*** Opening Study material ***

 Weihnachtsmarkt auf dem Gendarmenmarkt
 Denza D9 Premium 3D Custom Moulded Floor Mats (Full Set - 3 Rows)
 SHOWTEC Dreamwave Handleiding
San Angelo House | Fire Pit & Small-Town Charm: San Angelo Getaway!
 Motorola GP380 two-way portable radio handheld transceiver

*** Closing Study material ***
*** Opening Study material ***

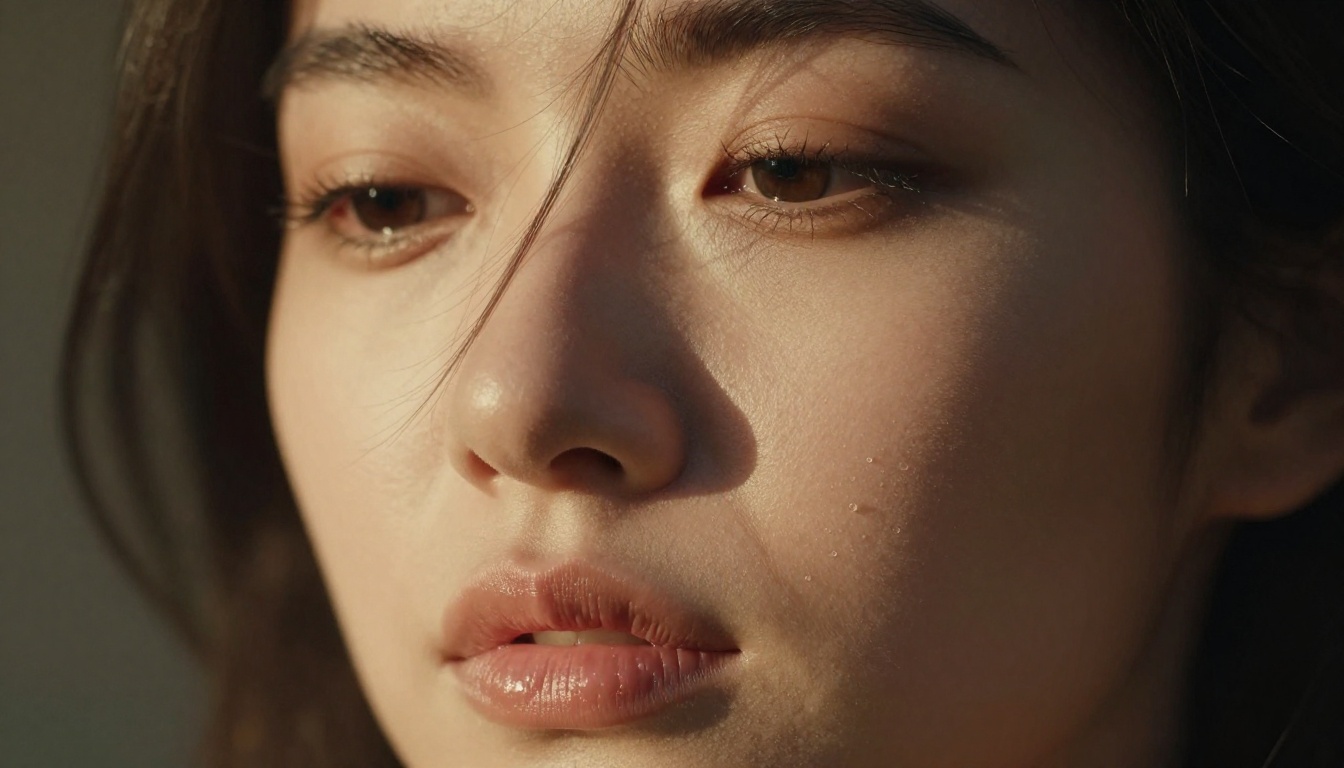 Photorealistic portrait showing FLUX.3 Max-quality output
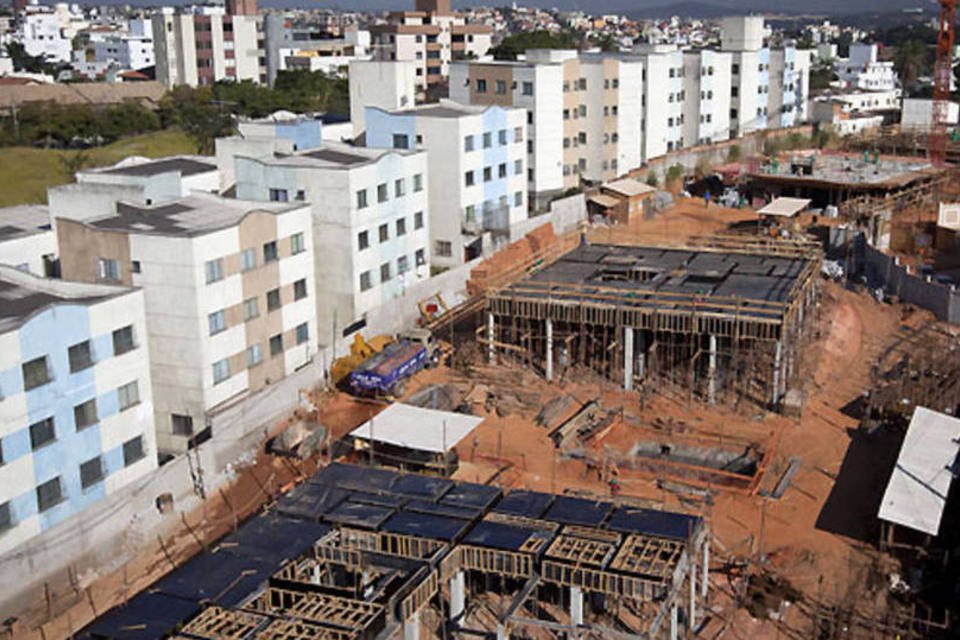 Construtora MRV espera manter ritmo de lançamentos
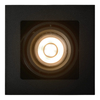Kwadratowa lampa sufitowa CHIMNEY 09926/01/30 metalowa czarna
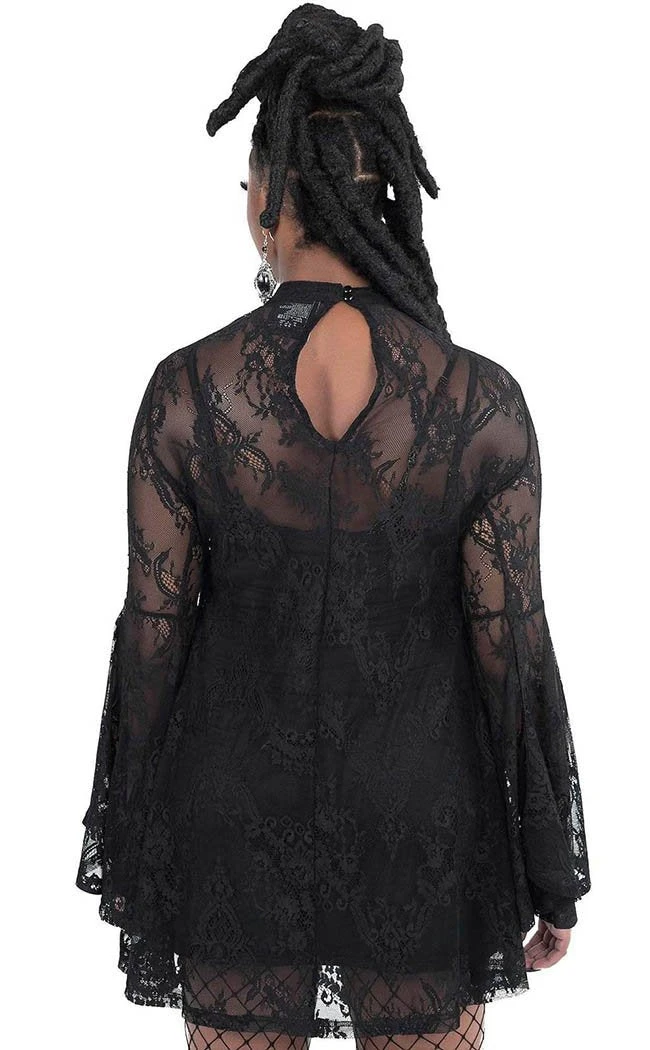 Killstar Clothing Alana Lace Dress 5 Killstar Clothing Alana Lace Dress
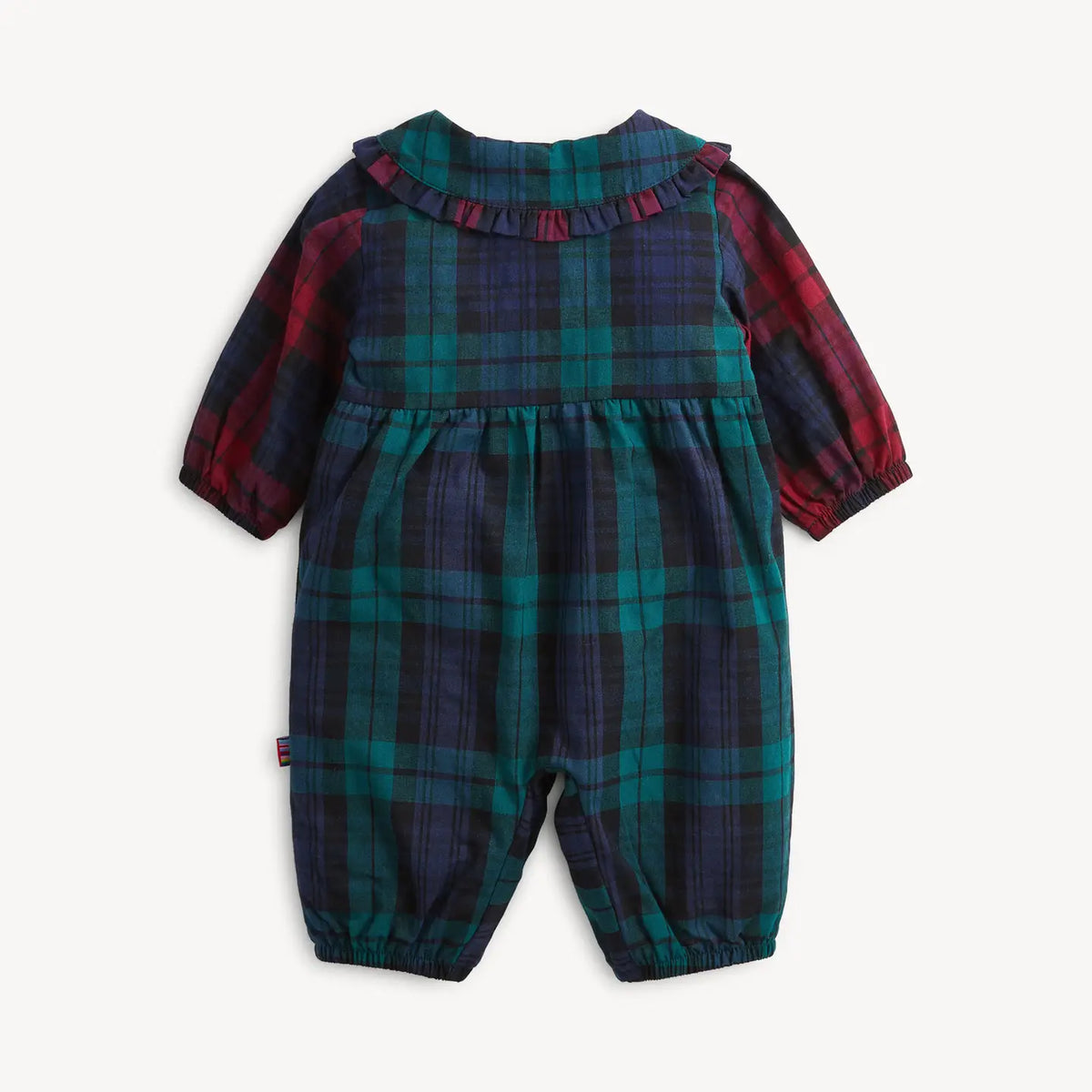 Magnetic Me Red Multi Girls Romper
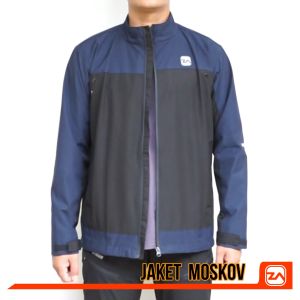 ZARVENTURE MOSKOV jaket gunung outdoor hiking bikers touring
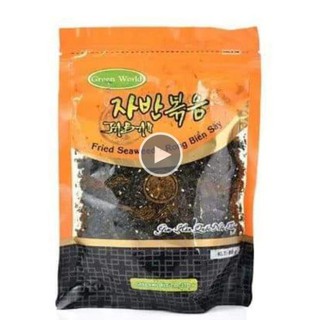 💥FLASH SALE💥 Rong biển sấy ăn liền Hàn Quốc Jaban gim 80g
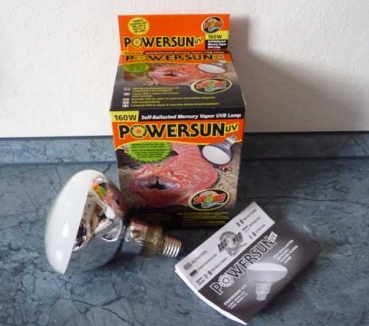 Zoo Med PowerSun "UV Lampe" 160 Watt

*** Closing Study material ***

Give again the stretch of the entries above that begins at the line with "ZARVENTURE MOSKOV jaket" and ends at the line with "Zoo Med PowerSun", word for word, with no pictures.

 ZARVENTURE MOSKOV jaket gunung outdoor hiking bikers touring
 💥FLASH SALE💥 Rong biển sấy ăn liền Hàn Quốc Jaban gim 80g
 Zoo Med PowerSun "UV Lampe" 160 Watt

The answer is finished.